▶ [PROVIDED DATA]:
........

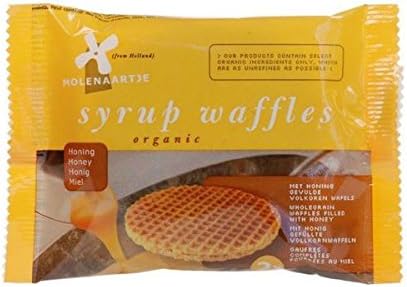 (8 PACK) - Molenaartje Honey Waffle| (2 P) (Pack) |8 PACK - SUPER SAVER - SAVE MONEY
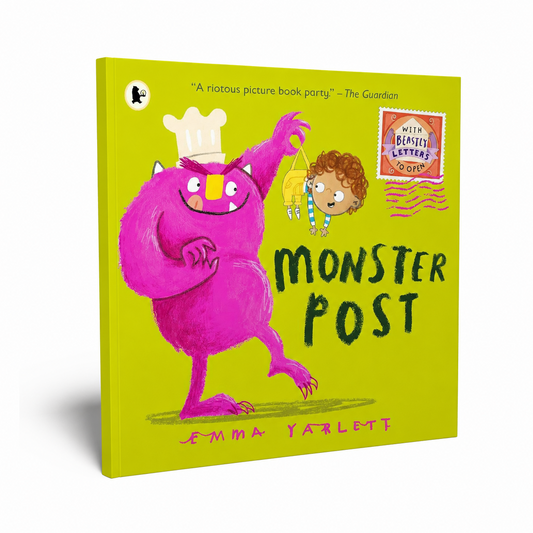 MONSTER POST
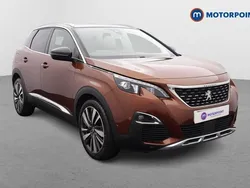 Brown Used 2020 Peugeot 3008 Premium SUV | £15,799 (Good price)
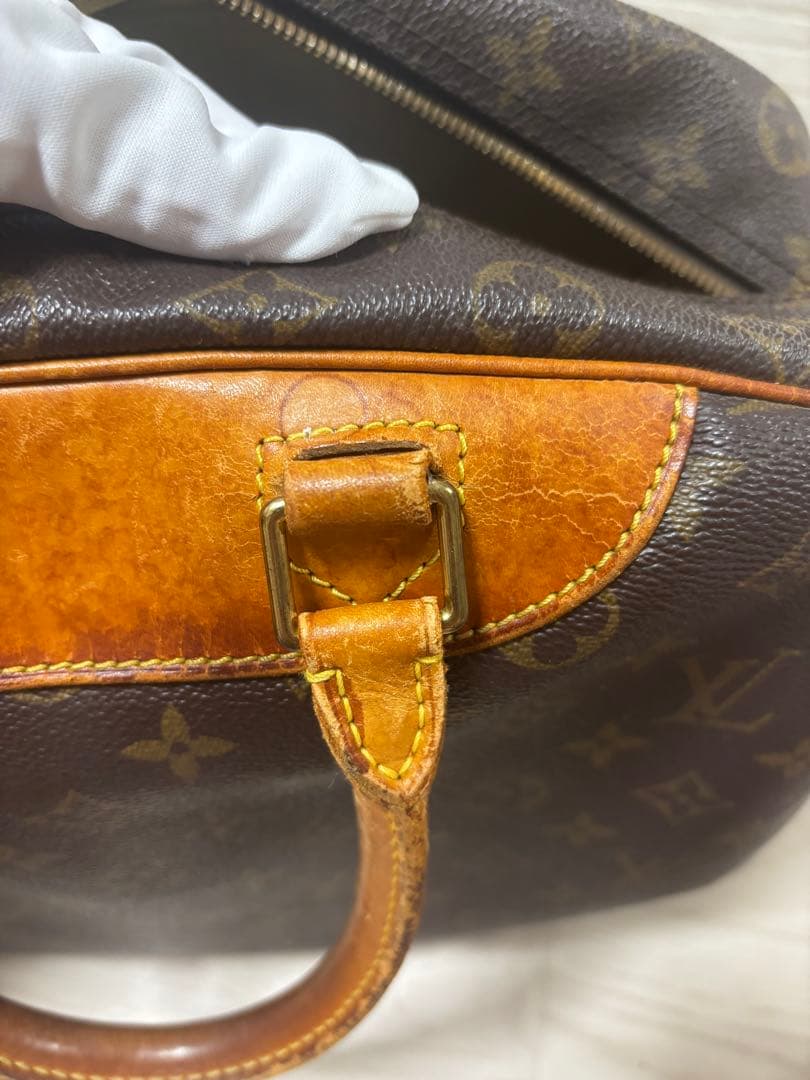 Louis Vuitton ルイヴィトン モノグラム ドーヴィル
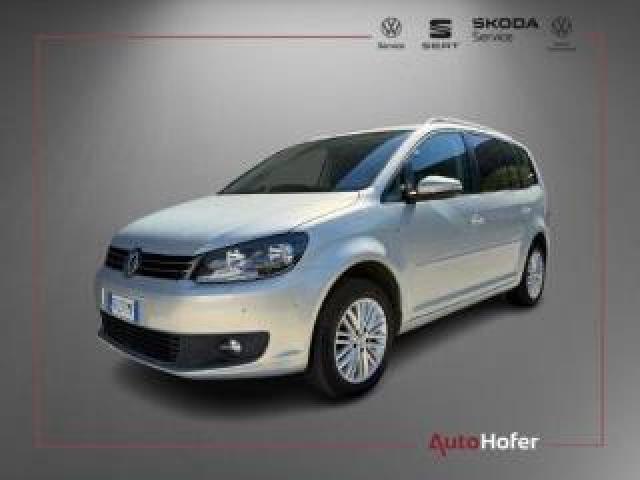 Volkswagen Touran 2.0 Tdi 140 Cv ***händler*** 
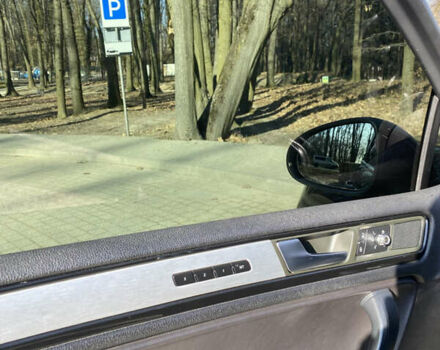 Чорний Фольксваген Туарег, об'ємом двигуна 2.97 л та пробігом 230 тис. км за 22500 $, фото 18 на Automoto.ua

........

Copy back, word for word, every line between the top of the material above and the line that contains "Volkswagen Touran 2.0", both included, without any pictures.

 (8 PACK) - Molenaartje Honey Waffle| (2 P) (Pack) |8 PACK - SUPER SAVER - SAVE MONEY
 MONSTER POST
 Brown Used 2020 Peugeot 3008 Premium SUV | £15,799 (Good price)
 Louis Vuitton ルイヴィトン モノグラム ドーヴィル
 Volkswagen Touran 2.0 Tdi 140 Cv ***händler*** 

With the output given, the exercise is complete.